WHAT THE TASK ASKS
Once you find the line with "Adidas Yeezy 500 Utility Black (Премиум)" in the listing below, set down exactly every line from it through the line with "Akcesoria i dodatki", but no pictures.

EXERCISE MATERIALS
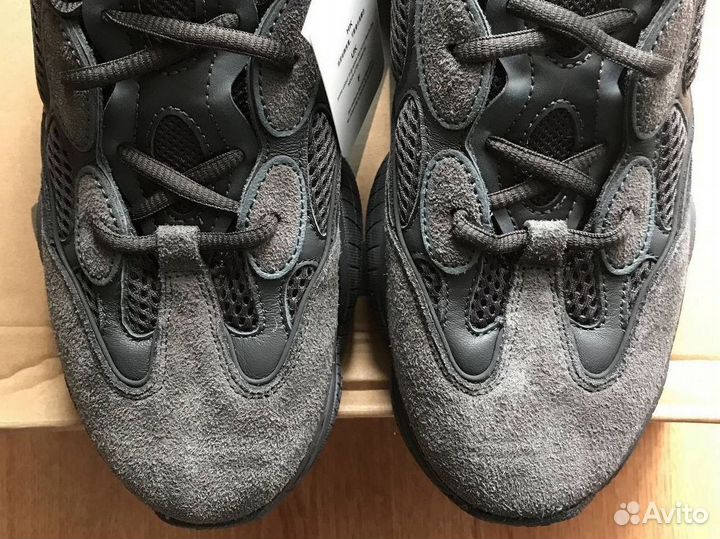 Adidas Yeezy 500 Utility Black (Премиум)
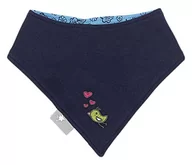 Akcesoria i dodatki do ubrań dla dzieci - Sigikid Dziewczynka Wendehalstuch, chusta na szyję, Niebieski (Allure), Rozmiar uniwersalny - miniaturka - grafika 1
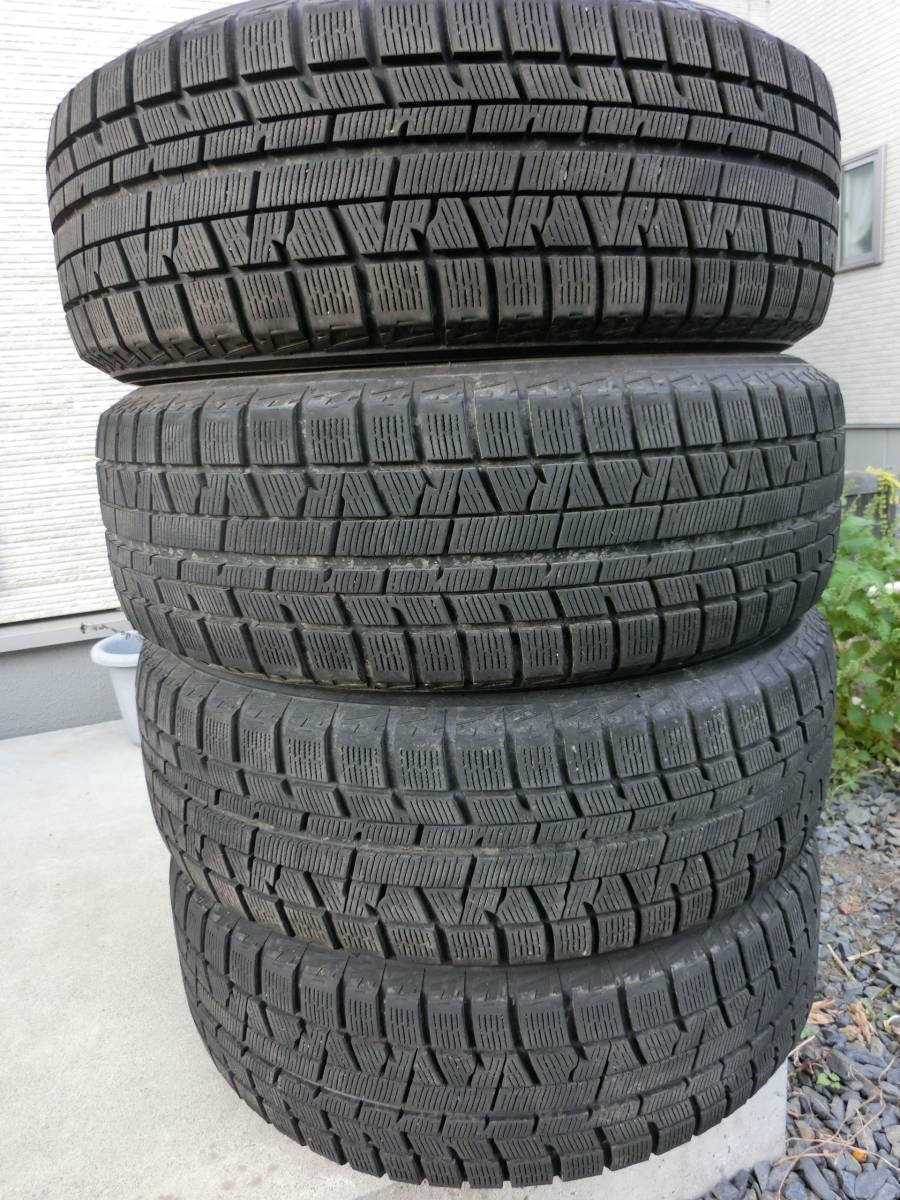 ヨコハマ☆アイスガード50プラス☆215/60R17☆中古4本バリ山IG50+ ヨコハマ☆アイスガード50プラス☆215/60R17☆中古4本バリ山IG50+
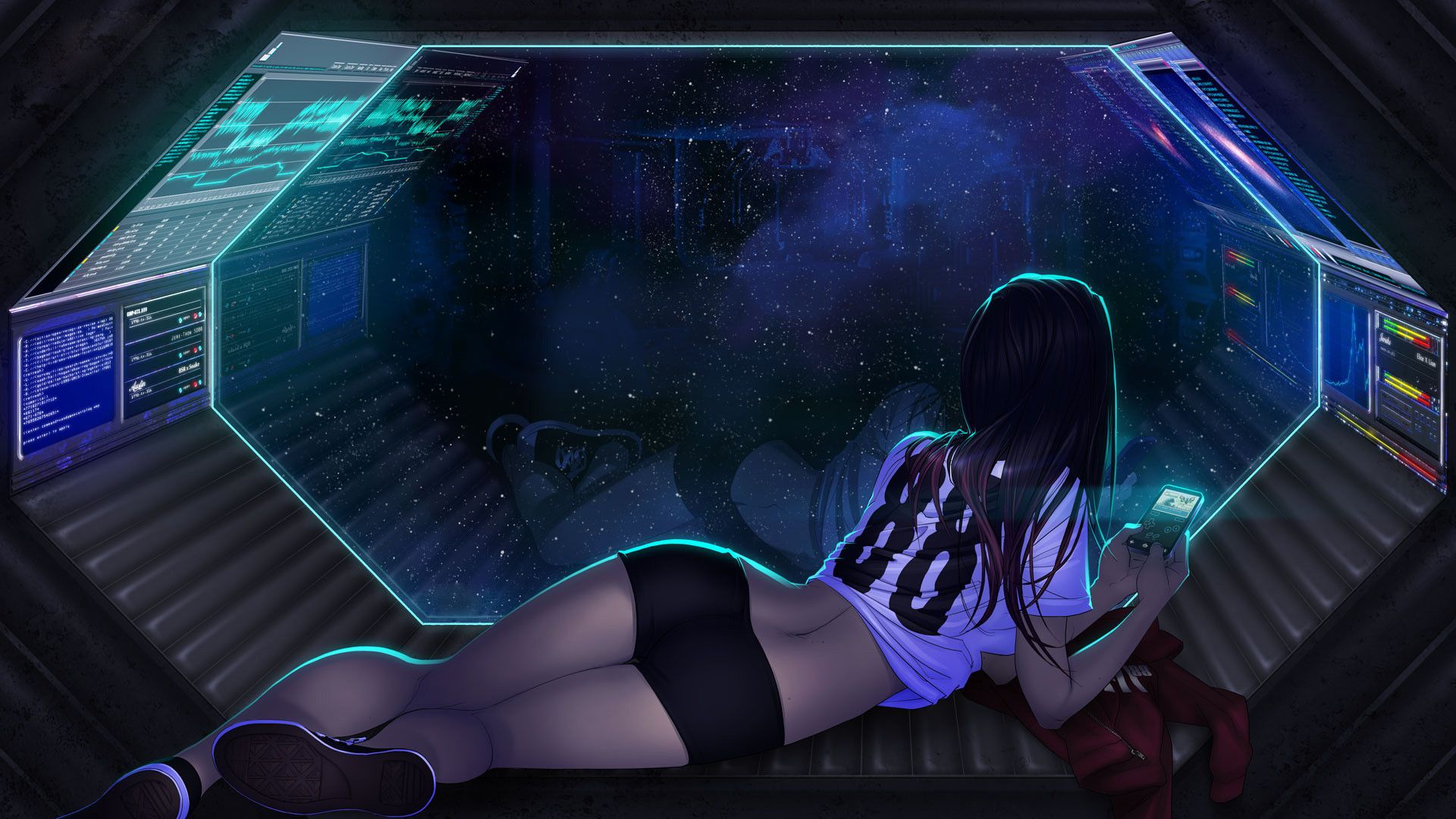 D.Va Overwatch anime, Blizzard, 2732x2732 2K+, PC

==

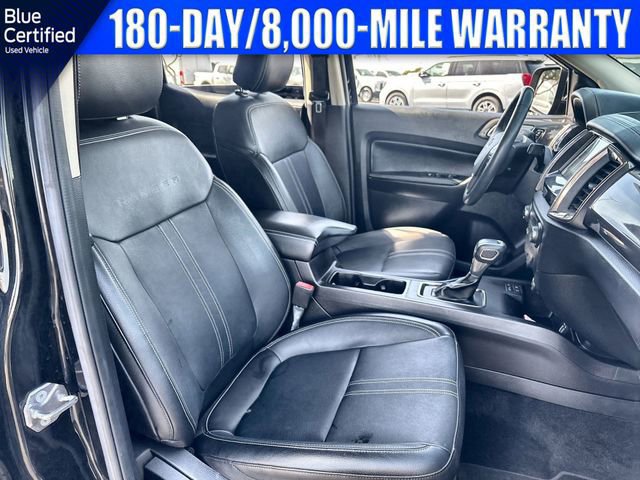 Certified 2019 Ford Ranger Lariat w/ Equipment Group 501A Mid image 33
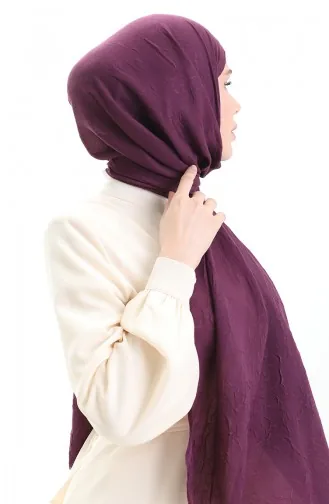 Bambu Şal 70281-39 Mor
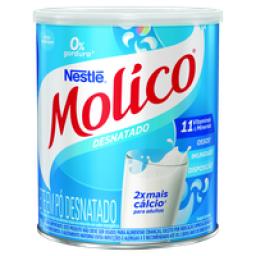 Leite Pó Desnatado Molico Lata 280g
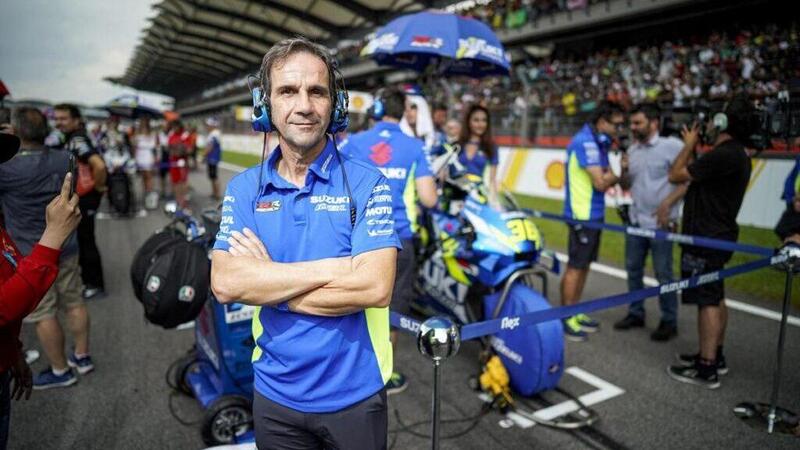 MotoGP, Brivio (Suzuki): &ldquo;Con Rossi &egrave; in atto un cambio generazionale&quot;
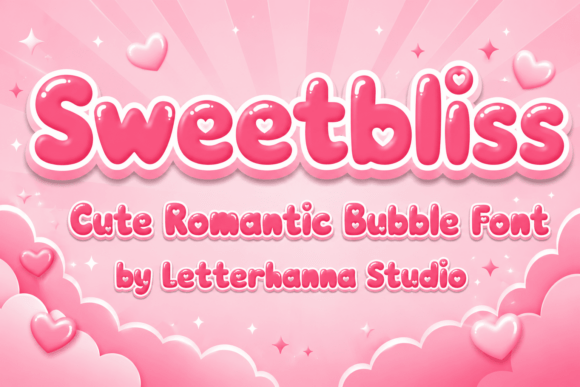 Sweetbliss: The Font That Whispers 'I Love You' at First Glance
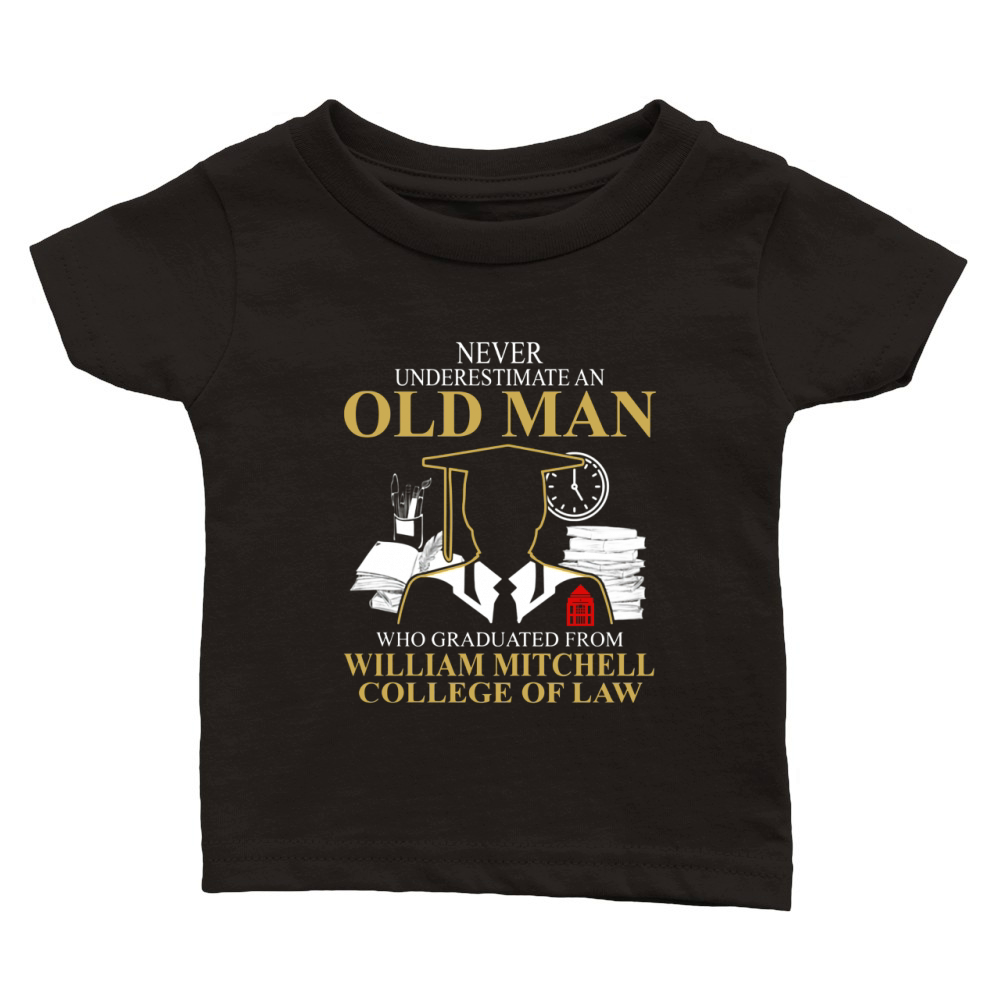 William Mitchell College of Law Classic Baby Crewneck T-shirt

WRITTEN RESPONSE
 Adidas Yeezy 500 Utility Black (Премиум)
 Akcesoria i dodatki do ubrań dla dzieci - Sigikid Dziewczynka Wendehalstuch, chusta na szyję, Niebieski (Allure), Rozmiar uniwersalny - miniaturka - grafika 1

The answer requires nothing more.